Directions for this task – Return every record below exactly as written, omitting any pictures.

[Records from a data source]
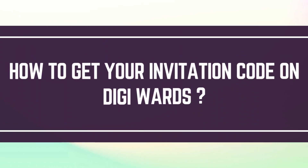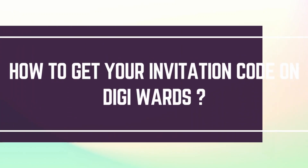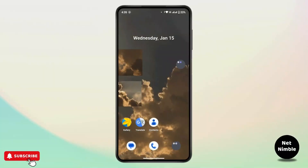How to get your invitation code on DGwards. Hi everyone, this is Kate and welcome back to another tutorial. On today's video we will learn how we can get our invitation code on the DGwards application, so without further delay let's get started.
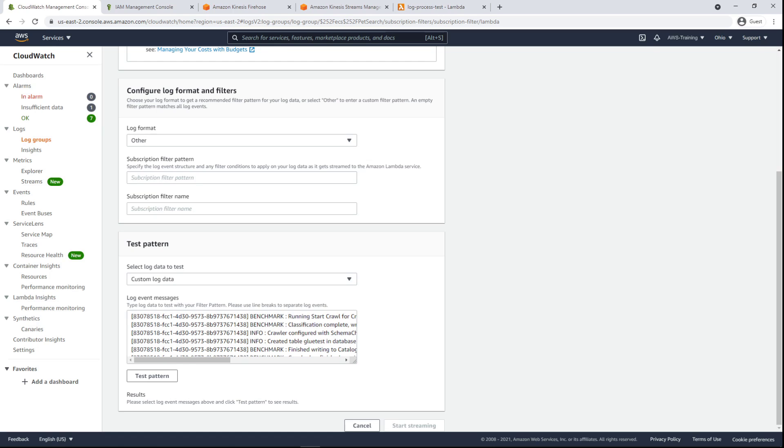Here we can specify the specific filter pattern to apply. For testing purposes, we'll provide a name, but leave the pattern blank.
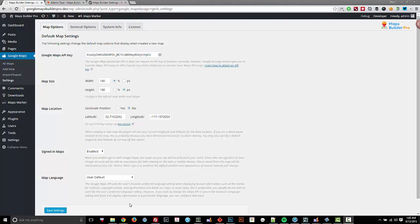Hey guys, Devin Walker here, lead developer over at Word & Press and developer on Maps Builder Pro. I'm going to show you the settings screen as of version 2.0.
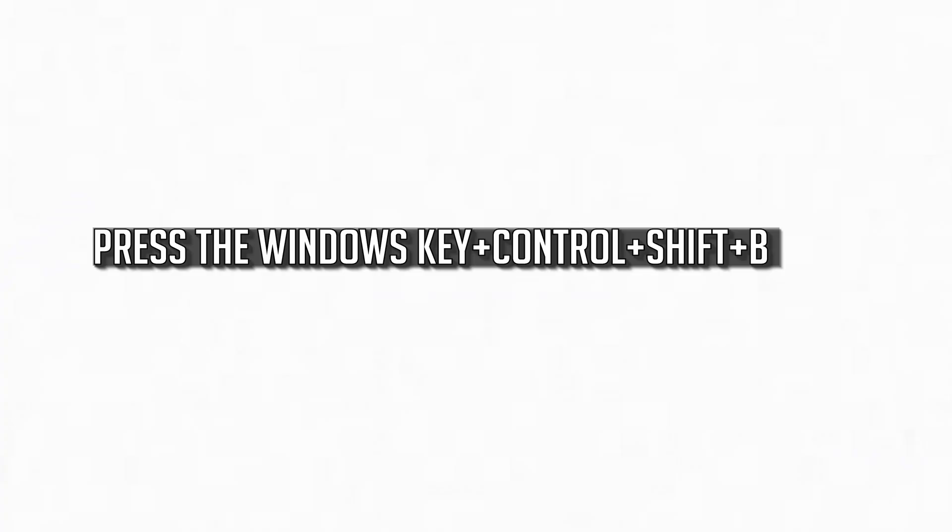The first thing we are going to do is to reset the graphics card. To do this, first press the Windows key, Ctrl, Shift, and B at the same time.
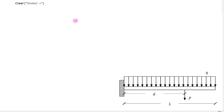Hello everyone, and welcome back to another example video. In this example video, we're going to be covering the virtual work method for Euler-Bernoulli beams using the program Mathematica. If you guys have seen the video example for the Rayleigh-Ritz method for Euler-Bernoulli beams, you'll notice a lot of similarities between the Rayleigh-Ritz method and the virtual work method.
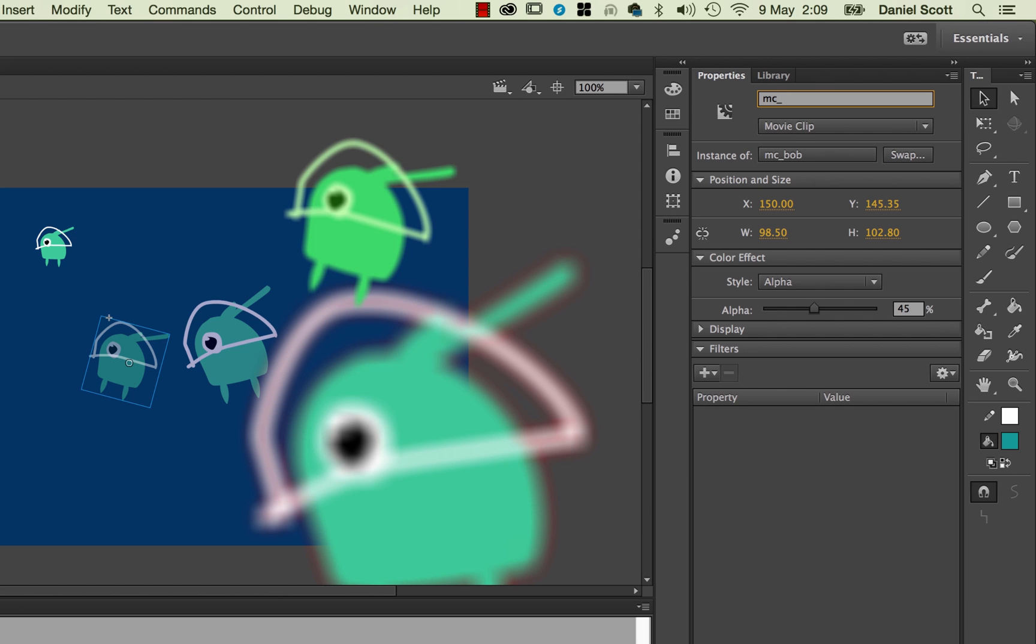This is just a good habit to get into. You don't have to have them, but later on when we start doing some of the publishing parts and we need to figure out who is what and do special things to them, especially like buttons, we need to give them instance names. So we're going to go through and name all of ours now.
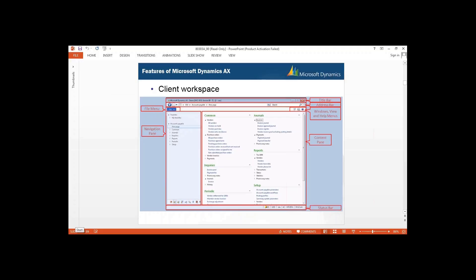This is your Application Object Tree where you can create and manage different options. When you expand your data dictionary, you can view tables. For example, expanding the CustTable shows all the fields, and you can create new fields, edit fields, and see all properties. Just like this, we can create our own table. As a developer, you need permission from AOT to create your own tables.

Response –
How to get your invitation code on DGwards. Hi everyone, this is Kate and welcome back to another tutorial. On today's video we will learn how we can get our invitation code on the DGwards application, so without further delay let's get started.
Here we can specify the specific filter pattern to apply. For testing purposes, we'll provide a name, but leave the pattern blank.
Hey guys, Devin Walker here, lead developer over at Word & Press and developer on Maps Builder Pro. I'm going to show you the settings screen as of version 2.0.
The first thing we are going to do is to reset the graphics card. To do this, first press the Windows key, Ctrl, Shift, and B at the same time.
Hello everyone, and welcome back to another example video. In this example video, we're going to be covering the virtual work method for Euler-Bernoulli beams using the program Mathematica. If you guys have seen the video example for the Rayleigh-Ritz method for Euler-Bernoulli beams, you'll notice a lot of similarities between the Rayleigh-Ritz method and the virtual work method.
This is just a good habit to get into. You don't have to have them, but later on when we start doing some of the publishing parts and we need to figure out who is what and do special things to them, especially like buttons, we need to give them instance names. So we're going to go through and name all of ours now.
This is your Application Object Tree where you can create and manage different options. When you expand your data dictionary, you can view tables. For example, expanding the CustTable shows all the fields, and you can create new fields, edit fields, and see all properties. Just like this, we can create our own table. As a developer, you need permission from AOT to create your own tables.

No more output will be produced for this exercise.